The purpose of a motion for more definite statement is to correct a pleading “so vague or ambiguous that a party cannot reasonably be required to frame a responsive pleading[.]” U.S. Ct. Int’l Trade R. 12(e). Its purpose is not to convert a pleading into an evidentiary record sufficient to support amotion for summary judgment. United States v. Obron Atlantic Corp., 18 CIT 771, 777, 862 F. Supp. 378, 383 (1994); United States v. Jac Natori Co., Ltd., 17 CIT 348, 350, 821 F. Supp. 1514, 1517 (1993) (Rule 9(b) does not require the pleading of detailed evidentiary matters). This court has held that a pleading describing the date, place, and content of alleged misrepresentations is sufficient to allege fraud. *304Obron, 18 CIT at 777, 862 F. Supp. at 383; Natori, 17 CIT at 351, 821 F. Supp. at 1517; United States v. F.A.G. Bearings Corp., 8 CIT 201, 206-07, 615 F. Supp. 562, 567 (1984).

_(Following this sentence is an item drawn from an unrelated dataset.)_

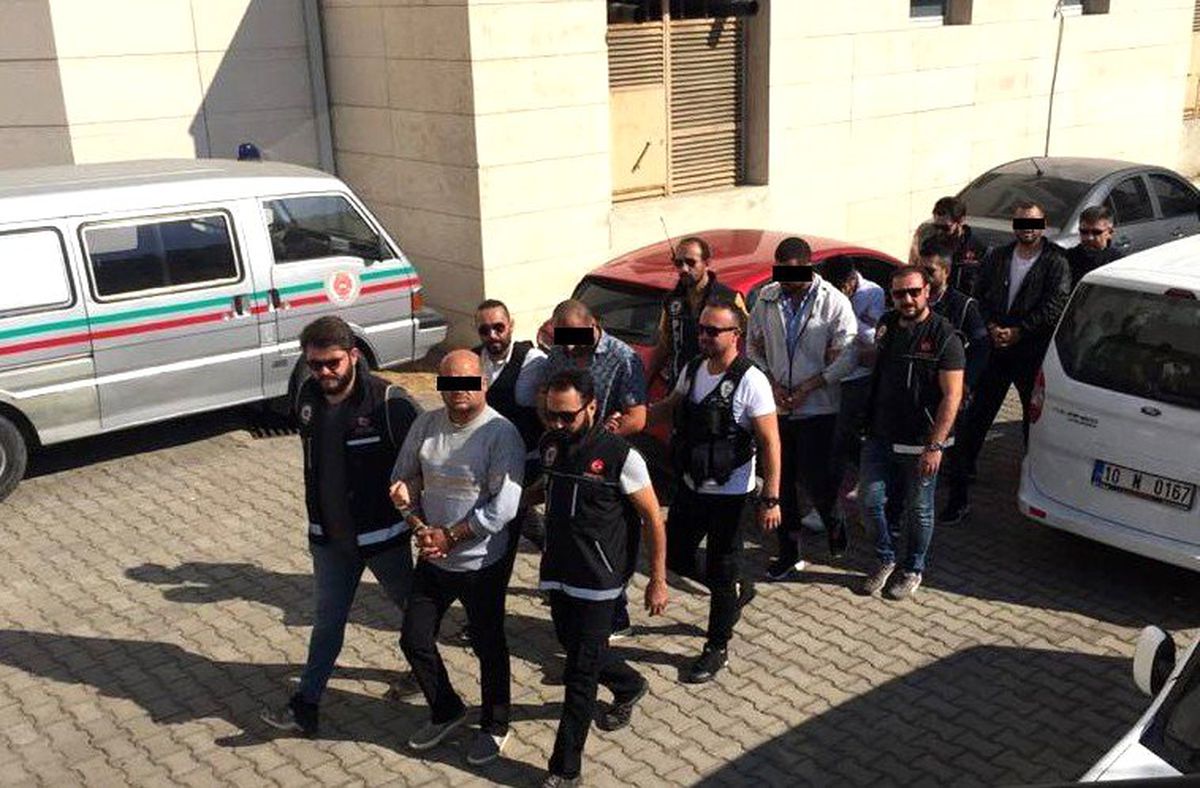Edremit\'te narkotik operasyonunda 5 kişi tutuklandı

Plaintiffs complaint includes the time and place of the alleged misrepresentations: from July 1, 1991 to March 31,1993, at the port of Los Angeles. (Compl. at 2-3.) It also identifies the statements at issue: 533 Customs entries allegedly undervaluing imported merchandise. Since the pleading is stated with particularity sufficient to support even an allegation of fraud, it is certainly not too vague or ambiguous to support a claim of gross negligence. Accordingly, the court finds that the complaint is sufficient as written.
Conclusion
Defendants’ motion to dismiss for lack of jurisdiction and for failure to state a claim upon which relief can be granted is denied. Defendants’ motion for more definite statement is also denied.